Once upon a time, a geographically forgotten, often belittled by its neighbors, a country called “Uruguay” became one of the most progressive countries in the world, raising the envy of many. It has a small population, 3.3 million people and is today one of the most effective democracies in the world. It holds economic stability, broadly respects human rights and has a seemingly functional political system, where consensus is possible between political parties. In short, Uruguay is a thriving democracy unlike other countries in Latin America, who are still facing innovative forms of authoritarianism like Venezuela. Citizens like me simply ponder whether political consensus across parties only belongs to fairy tales. In an ideal world, or Uruguay so to speak, politicians come to agreements after grueling negotiations lasting over 10 hours. Perhaps not all of the legislators attend to the sessions, but most of them do. Tough law initiatives like allowing abortion and gay marriage actually get discussed and stamped by most parties in, both, the lower and higher chambers of representatives. During the last 10 years, Uruguay’s income distribution policies have had a positive effect managing to reduce poverty from a 39% to an incredible 11%. Moreover, it has an exemplary President, Jose Alberto Mujica, who is really driven by public service rather than by power or money, like most politicians. He is often referred to as the “World’s Poorest President.” But why can Uruguay relish such an outstanding democratic system? Is it because it requires less effort to govern a small population? Or is it because, through having observed the income disparities of Brazil, Argentina and Venezuela, it has learned that a set of political reforms can ensure a healthy economic progress? Or is it just that we need to make a wish and tap together our heals, like Dorothy, and expect it to come true?

Uruguay does have a President worth of endorsement. As a former guerilla fighter, he spent 14 years imprisoned, and was finally released in 1985. In 2009, he won a landslide vote for the Presidential seat with a 53.33%. He currently donates 90% of his salary to a charity organization that builds public housing and his motto is “To do politics we must live like the poor,” which he has put to action by living very modestly. Under his tenure, he has pushed highly controversial law initiatives that would hardly pass in other countries. The first one was legalizing abortion for women within the first trimester of pregnancy. The initiative seldom passed in the lower chamber with 50 votes in favor against 49. Another initiative consisted in legalizing gay marriage in 2012, which had a strong support by the Frente Amplio (a coalition of left-wing parties, under which President Mujica got elected). Since the Senate believed that the text needed further editions, the text was sent back to the lower house. The initiative underwent a total of 4 in-house voting rounds. And just last year, the country passed a law regulating the production and consumption of marihuana, for non-medical purposes. The law obtained 16 votes favoring it versus 13 against it. One way to justify these positive outcomes is alluding them to the fact that “Frente Amplio” held the majority in both chambers and that the President remained loyal to its ideals. In 2009, Frente won 50 of the 99 representative seats and 15 of 30 of the senatorial ones. What this means is that, in order to pass controversial laws like these, we can ascertain that there must be an agreement between the President and the Legislative branch.

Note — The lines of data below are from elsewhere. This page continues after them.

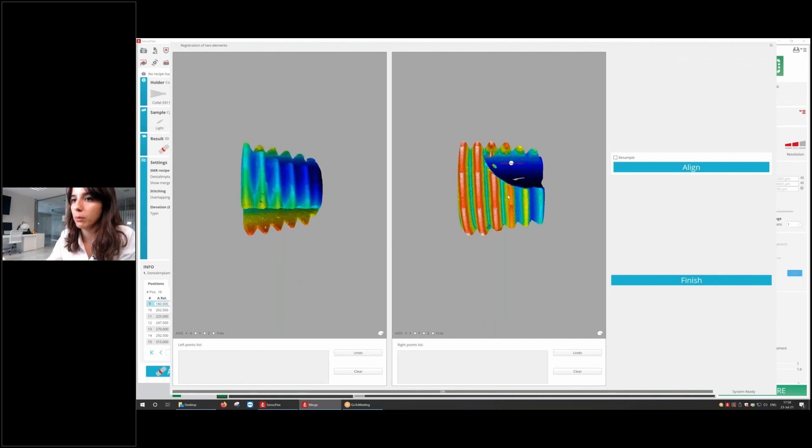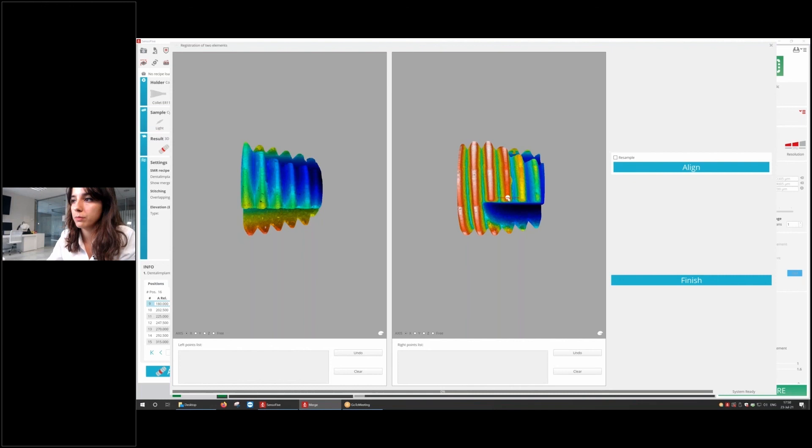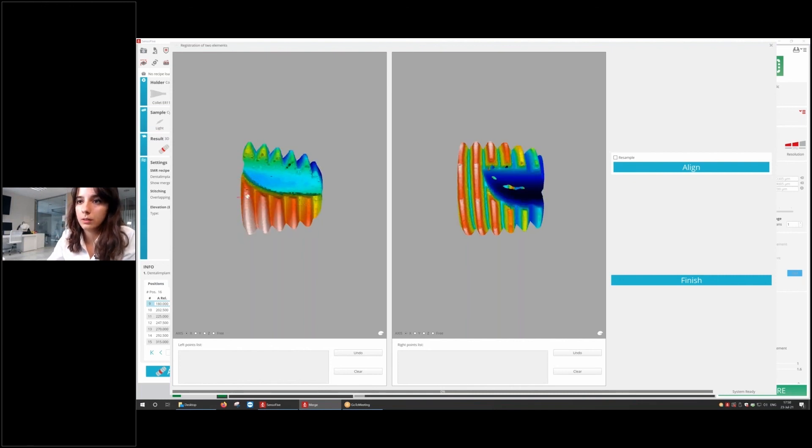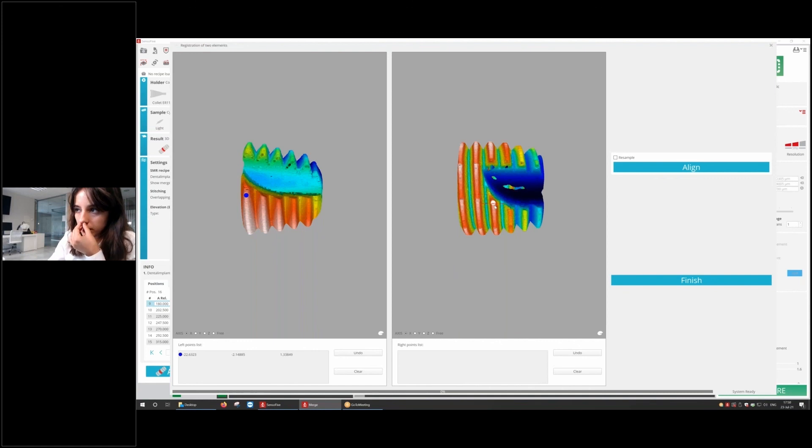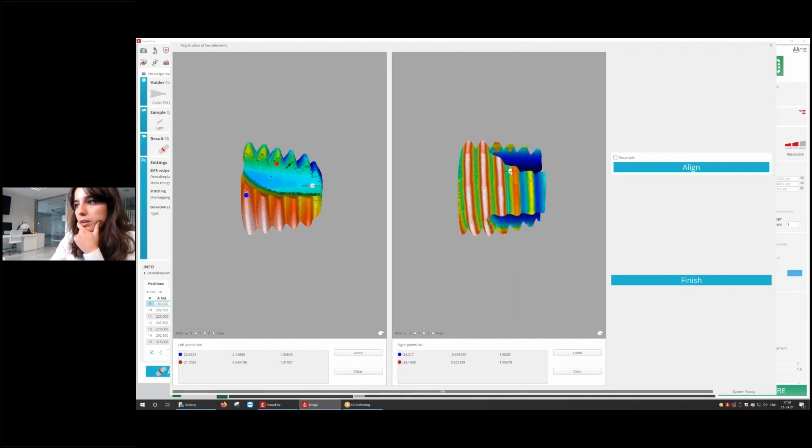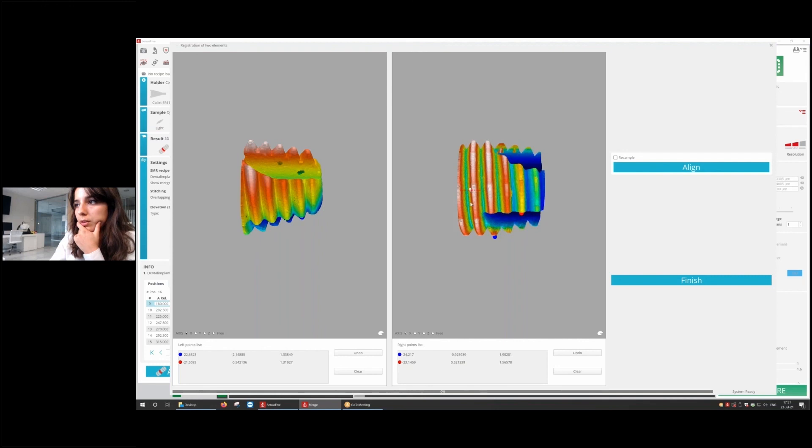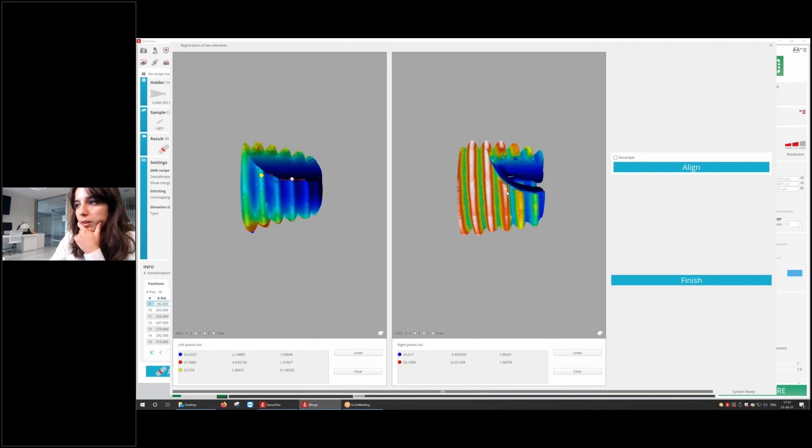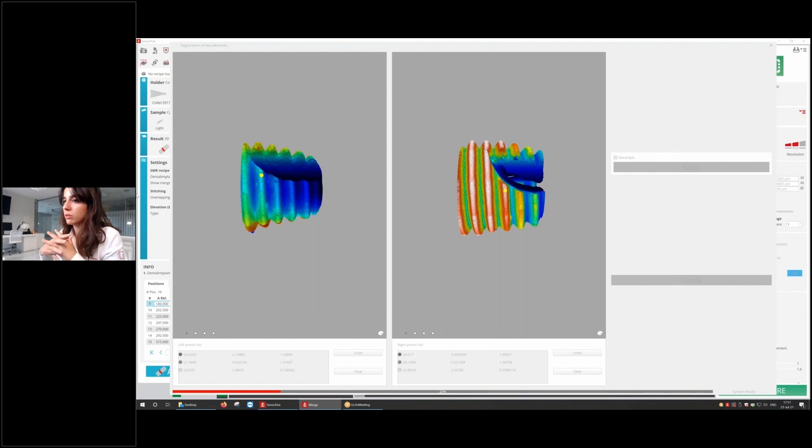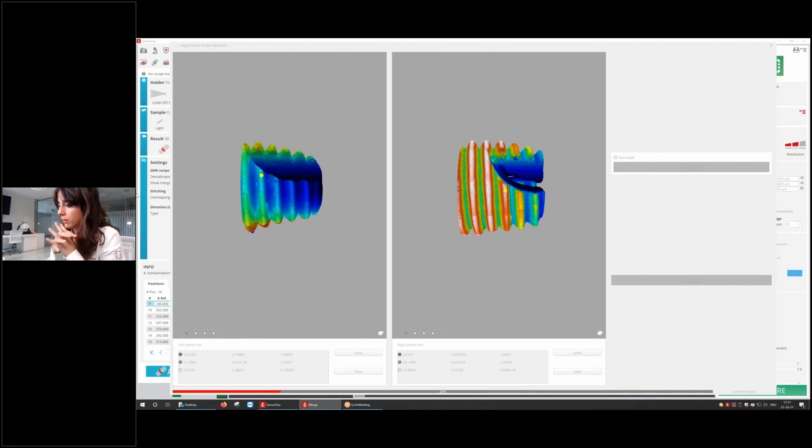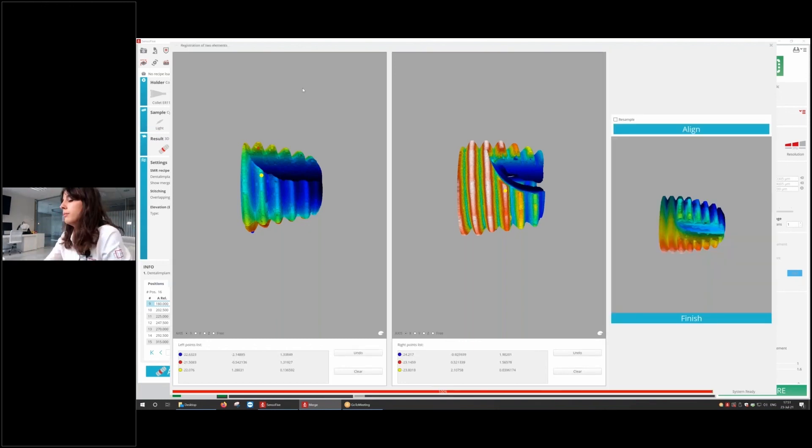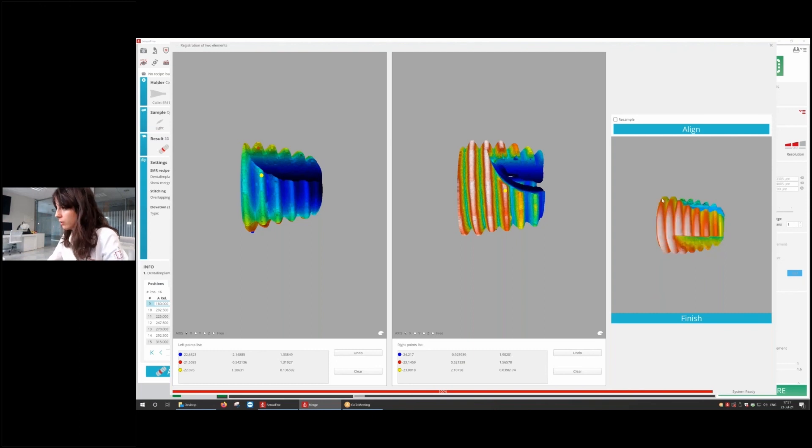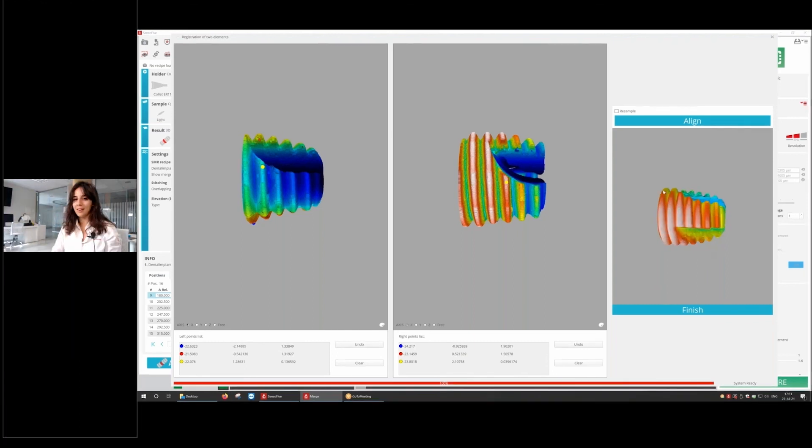For example, this is going to be the same. Then this one. And for example, we can check another part. This one. Let's click align. Now the software is going to find those similarities and finally merge the two sentences. And the result is that we have merged the two files. This is new from this version.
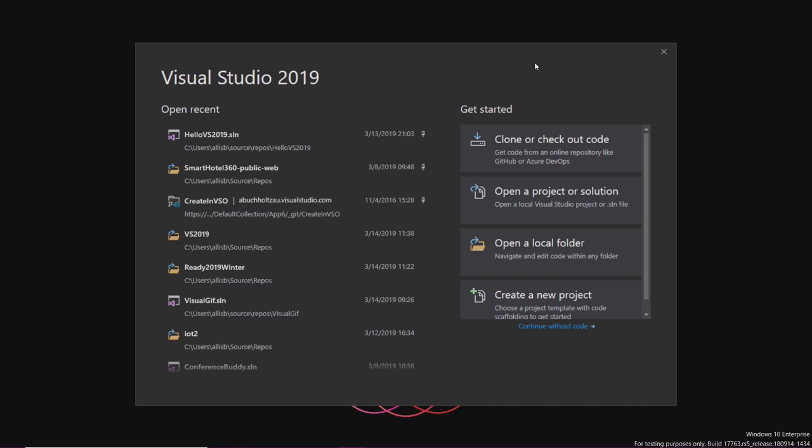Hi, I'm Alison Bukeltau, and we're going to take a quick tour of Git-first experiences, the pull request experience, and Live Share in Visual Studio 2019.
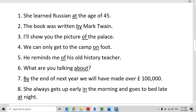He reminds me of his old history teacher. The same rule applies as with the picture. What does he remind you of? His old history teacher. So we will use the preposition 'of'.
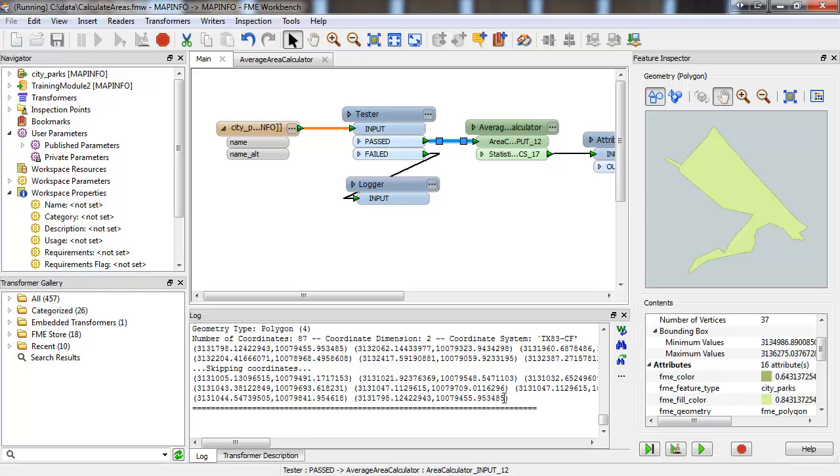I hope this gives you a better understanding of how to debug your workspace. Feature inspection can be a really useful tool in providing an improved understanding of your data, your workspace, or the way in which FME translations operate. Thank you for watching, and be sure to check out more FME feature demos on the FME channel.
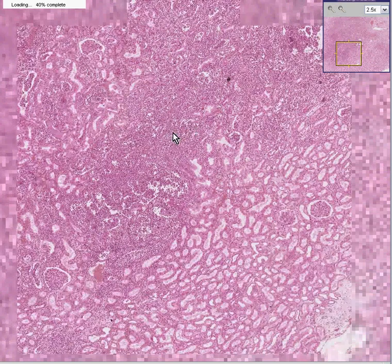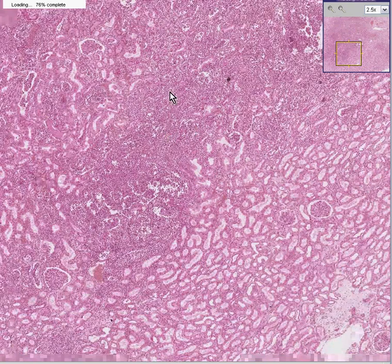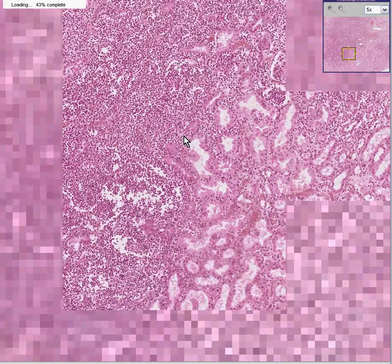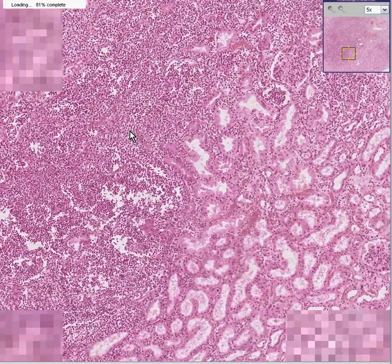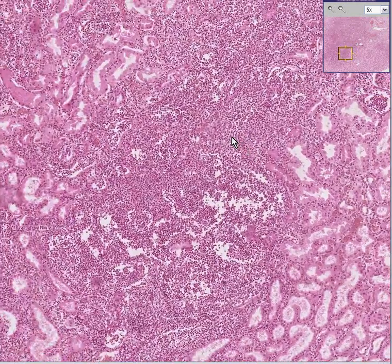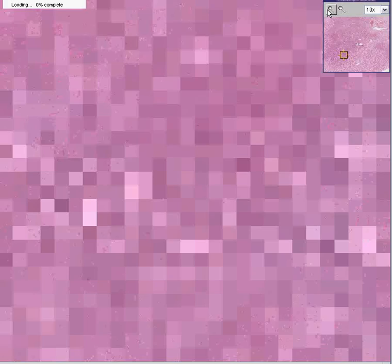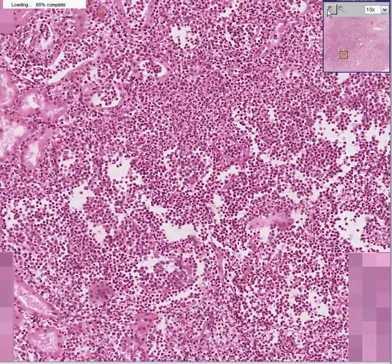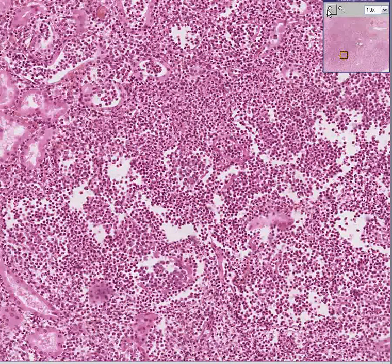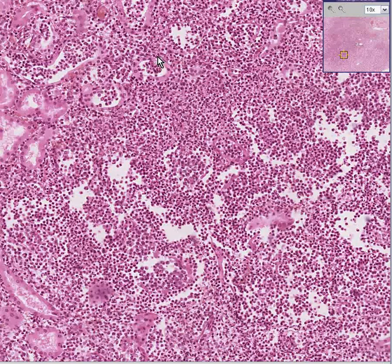The reason why the tubules don't look open is because they're filled with stuff, and it doesn't take long to figure out that the stuff they're filled with is pus. And therefore, you have the very easy diagnosis of acute pyelonephritis, or inflammation of the kidney, involving primarily the tubules and collecting system, rather than the glomeruli.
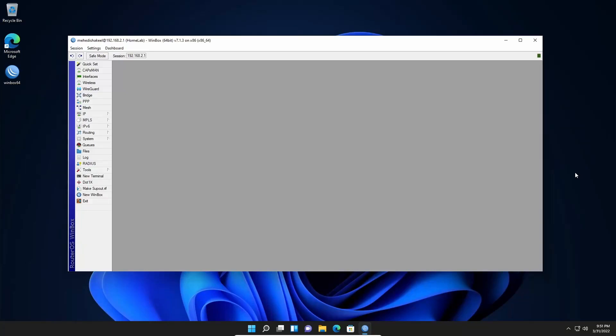What's going on guys, this is Mehdi Shaqeel and you are watching SSTech Tutorial. Today in this video I'm going to show you how you can take a backup of your Mikrotik router and using this backup file you can reconfigure your Mikrotik router. So let's get started.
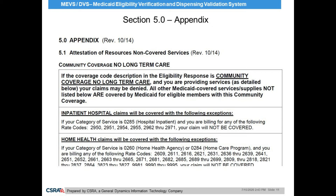Section 5 of the MEVS DVS Provider Manual is the Appendix Section. Some eligibility benefit descriptions refer the provider to the Appendix Section in order to further clarify those categories of services that are covered or non-covered by that benefit description. Providers would refer to this section for further clarification on services which would be reimbursed for certain benefits. As you can see in this example, if the eligibility response is community coverage with no long-term care, inpatient hospital services billed with the rate code listed in the description are not covered by Medicaid.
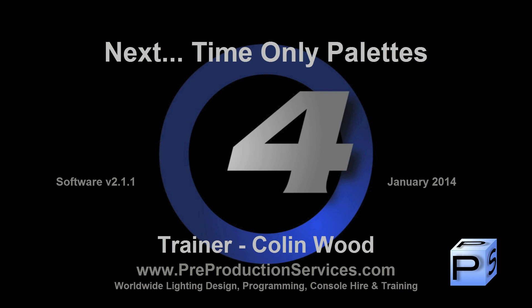In the next tutorial, we will take a more in-depth look at time-only palettes. Thank you for watching.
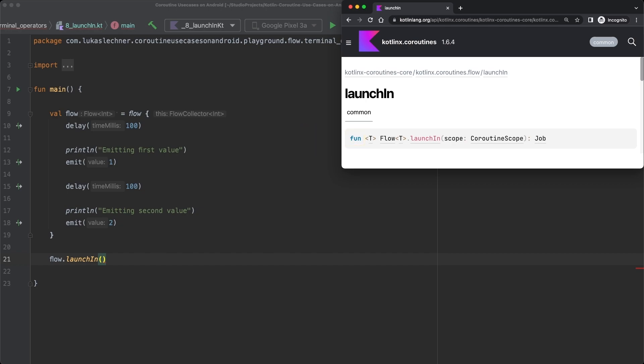In the last lesson, I told you something that is not fully true. There I said that every terminal operator needs to be a suspend function because then it needs to be called from a coroutine and the flow builder code is then executed in this coroutine and so it is able to call suspend functions like emit by itself. However, LaunchIn is an exception since it is not a suspend function.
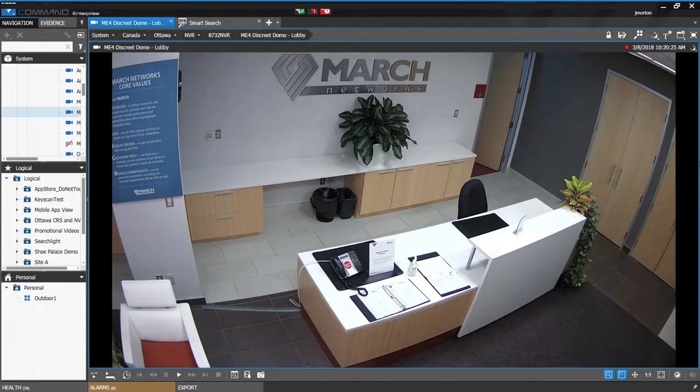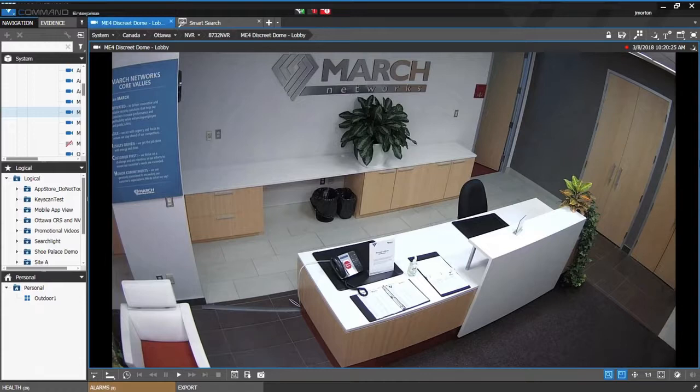Here we have a view of our lobby. At the bottom of the scene we have a lot of activity of guests coming in and using the phone and signing into the guest book. At the right of the scene there's a meeting room and a lot of March Networks employees are constantly entering and exiting this room.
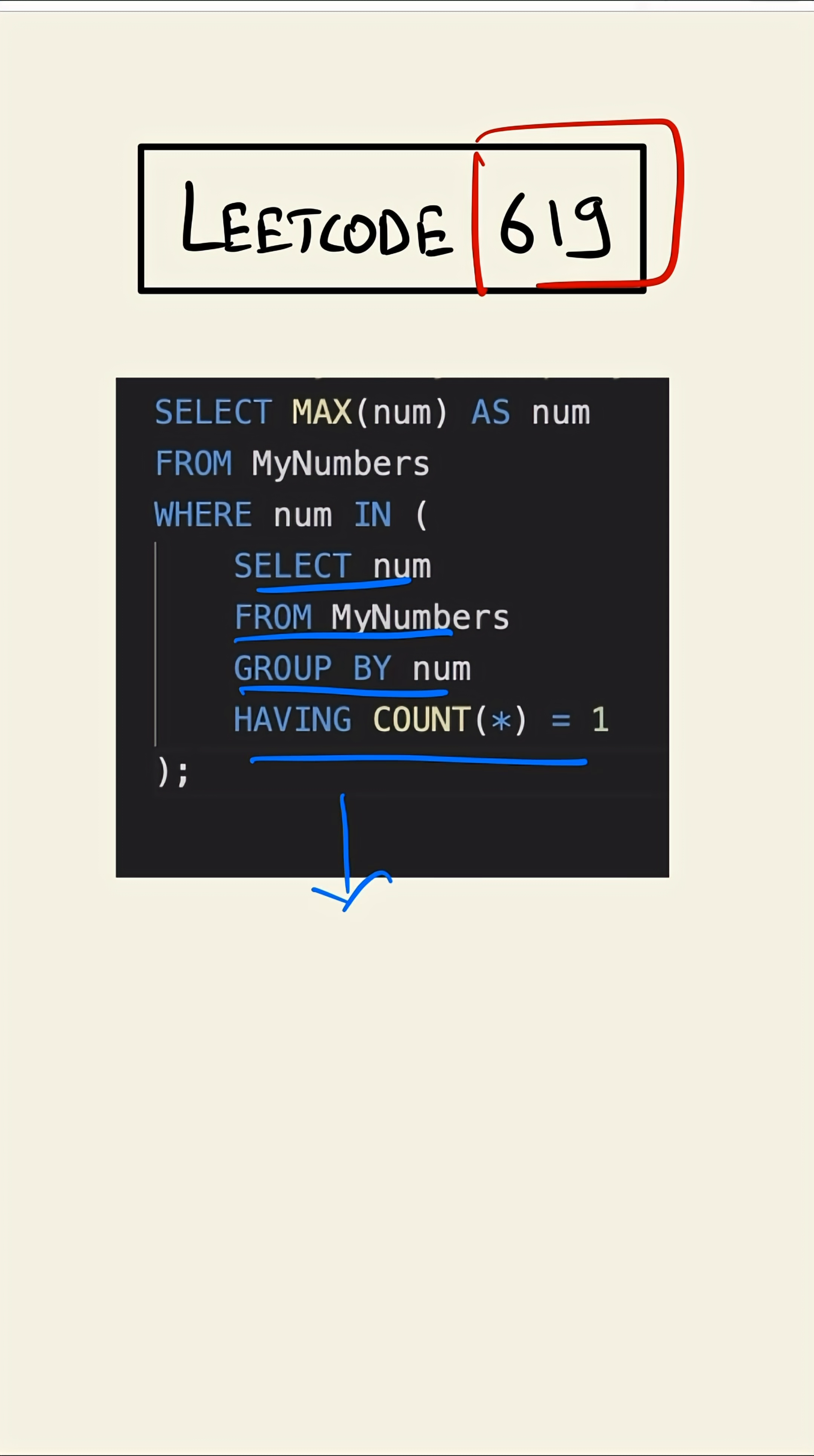...is it eliminates all duplicates. Once all duplicates have been eliminated, we just have to select the maximum of the remaining numbers.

Oftentimes, we citizens feel rather unlucky with the type of governments we have. Democrats fight Republicans in both US chambers; Democrats then having differences with the President Obama; Mexicans feeling cheated by having elected a President with presumable links with the organized crime; etc. But I believe that Uruguay’s status quo is not a question of luck. It is merely the natural result of programmatic parties that have become more professional, and that, at least, there is some level of institutional learning from the previous dictatorship. Such learning and reconciliation is palpable when one sees a former guerrilla member becoming a President. Indeed, holding majority seats in both houses might appear as an autocratic. But such assessment does not hold when other political parties are allowed to participate and when elections are free and fair.  Tensions arise in democracies when a broad consensus is required to implement policies tackling income inequality and addressing drug-related issues. It is then when parties are unable to arrive towards agreements with “rivals”. Regardless of rivalries and wanting to look better than the other party, one of the most efficient ways to ensure votes is delivering promises. Clearly, this is the case for Uruguay. President Mujica is now preparing to step down as his term is just about to end this month. He is unable to run for re-election, per the Constitution. As the second Presidential round approaches (November 30), the votes will reflect whether Uruguayans would like to continue vouching for Frente Nacional, as the first round demonstrates this. Its presidential candidate is Tabare Vazquez, who was president from 2005-2010. Meanwhile, Mujica declined the US$1 million offer to buy his old, rundown 1987 beetle and also plans to join Uruguay’s upper house in the coming elections. Hopefully, he continues to live happily ever after in his chrysanthemum farm.

Sep 16, 2014
Center for Democracy and Civil Society

Call for Papers

Democracy & Society Vol. 12, Issue 1 (Fall-Winter 2014)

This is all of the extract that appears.